Houve trocas de armas, capturadas uns anos antes aos turras, eletrificaram-se
as janelas, ou melhor, pintou-se o sinal de “Alta Tensão”, que bastava para
assustar aqueles portadores de neurónio único, as agulhetas das mangueiras
foram mudadas para melhorar o banho anual, e assim causar a confusão nas linhas
inimigas quando eles regressassem a casa com cheiro a burguês, os informadores
da PIDE, Polícia de Investigação e Defesa da Esquerda, o guarda noturno, o talhante,
o jardineiro e o vendedor de fruta, todos Josés, começaram a dar de caras com os
canhangulos dos militares da velha guarda. O primeiro era uma espécie de
profissional liberal, que só assaltava as casas dos que não lhe pagavam a
dízima, e não passava recibo. O segundo foi vítima de uma emboscada quando ia a
meio da escadaria e o militar de cachimbo o saudou com um revólver que mais
parecia um canhão, obrigando-o a abandonar os bifes e a só parar no colo do
patrão, o pai do João Gordo. O nascimento da lenda estava reservado para uma
tarde de Verão, quando o Zé jardineiro informou o avô do Peidão de que estavam
a assaltar a casa das duas alemãs, que só tinham pastores alemães com uma
mancha ariana na língua. O herói agarrou no pistolão, acendeu o cachimbo e rumou
em direção ao teatro de guerra. Deu de caras com um puto de fraldas a tentar arrombar, com uma enxada, um armário
cheio de caramelos, contrariando as ordens do pai, que queria ouro e dinheiro. Ao avistar
o cowboy da terceira idade o puto molhou as calças à frente e rendeu-se de
imediato, não se tendo nunca sabido se a pintura rupestre traseira tinha sido
causada pelos caramelos espanhóis fora de prazo, ou pelos efeitos fisiológicos
fora de controle. Foi visto por todos com os braços no ar, indo atrás de si o agora“General
sem Medo”. A notícia depressa se espalhou pela vila, e até o guarda noturno
deixou de ser visto por aquelas bandas, havendo quem dissesse que se tinha
reformado. Mas a história não ficou por aqui. O petiz ficou detido na casa do
militar enquanto este entregou à Palmira uma ordem de serviço para que ela
telefonasse ao Chefe Bigodes, enquanto fazia guarda ao perigoso malfeitor. A
uma certa altura o general, para ganhar mais pontos para a sua fama tenebrosa
disse, em voz alta, que pretendia dar um tiro na perna do petiz, para que ele
aprendesse a lição mais consistentemente. Nova mija, mas desta vez no sofá da
casa, obrigando à intervenção imediata da autoridade máxima do rés-do-chão, a
Milu, que deu ordem de marcha ao marido, porque caso o não fizesse o rapazito
ainda lhe sujaria a sala toda.
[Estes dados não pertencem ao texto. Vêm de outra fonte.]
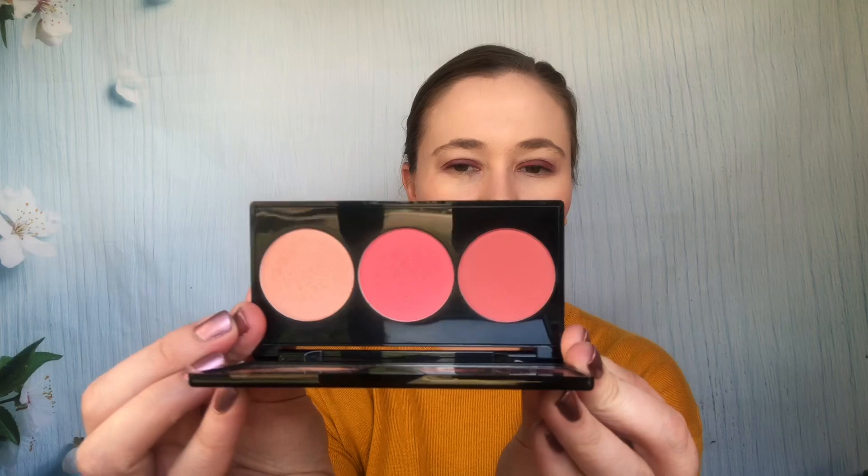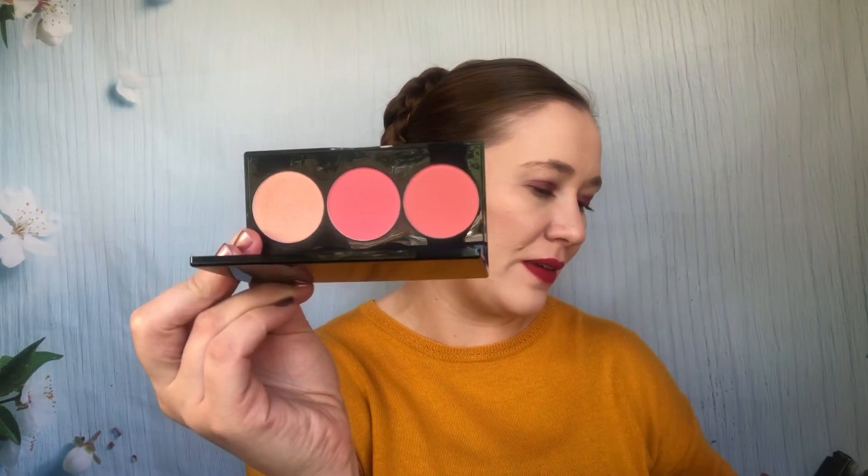I'm going slightly out of order to show the two Smashbox trios together. This coral one — Culver City Coral — has three coral shades, and the first one I showed was Pacific Coast Pink. This one has a little more of a coral tone to it and the highlight shade in this one is actually better worn as a blush than in the pink trio. You do need to use these with a slightly lighter hand.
Após isto ofereceu um lanche ao Zézinho do
Telhado e deixou-o voltar para casa, ainda a tempo de ver mais um episódio do
“Kimba”. Mas a estória não fica por aqui! O grande fornecedor de canhangulos
era o pai do Bajoulo, um guerreiro com a voz metálica, que num dos treinos diários
transformara um humilde pombo caseiro, que ousara descansar no seu telhado, num
monte de penas voadoras, cuja anilha bateu com violência no alcatrão da rua, só
parando aos pés do dono que o treinava para o campeonato nacional.
-
O que vai ser de mim sem o meu “Barão Vermelho”? – Gritou o proprietário.
-
Toma lá esta nota e compra um no Zé da Antónia, que ele tem lá muitos iguais a
esse! – Respondeu o general, descansando a arma no ombro esquerdo, e tirando as
penas que lhe sujavam o blusão de aviador.
O
Pacheco, o Focas, o Pontas e o Pilas gravaram para sempre nas suas almas o
encontro do 4º grau com esta lenda paçoarcoense. Foi numa noite escura e
chuvosa, quando tentavam desmontar um extintor na oficina da garagem do chalé
da família do amigo Peidão. Saído, nunca se soube de onde, no meio de um
nevoeiro cerrado feito de fumo de cigarros, apareceu-lhes a figura imponente do
“General sem Medo” de pistolão em riste, apontado aos corpos rijos dos amigos
do neto, que faziam as delícias do Capitão Porão, um oficial revolucionário que
vivia na parte de baixo de Paço de Arcos, que jogava noutro campeonato. Os
braços foram levantados tão depressa em sinal de rendição, que o Focas não
conseguiu esconder a crueza da violência sofrida deixando sair intempestivamente
um valente flato, que o Pacheco interpretou como um tiro, caindo assim
desamparado sobre um armário, de onde caiu uma caixa cheia de parafusos, tendo
ainda tempo para um último pensamento:
-
O velho vai-me por solas novas na alma!
Houve um instante eterno!
-
Ah, és tu! – Exclamou o colega do pai do Bajoulo olhando para o neto, e
guardando o pistolão nas calças, manifestando assim a sua efetiva presença na
comunidade.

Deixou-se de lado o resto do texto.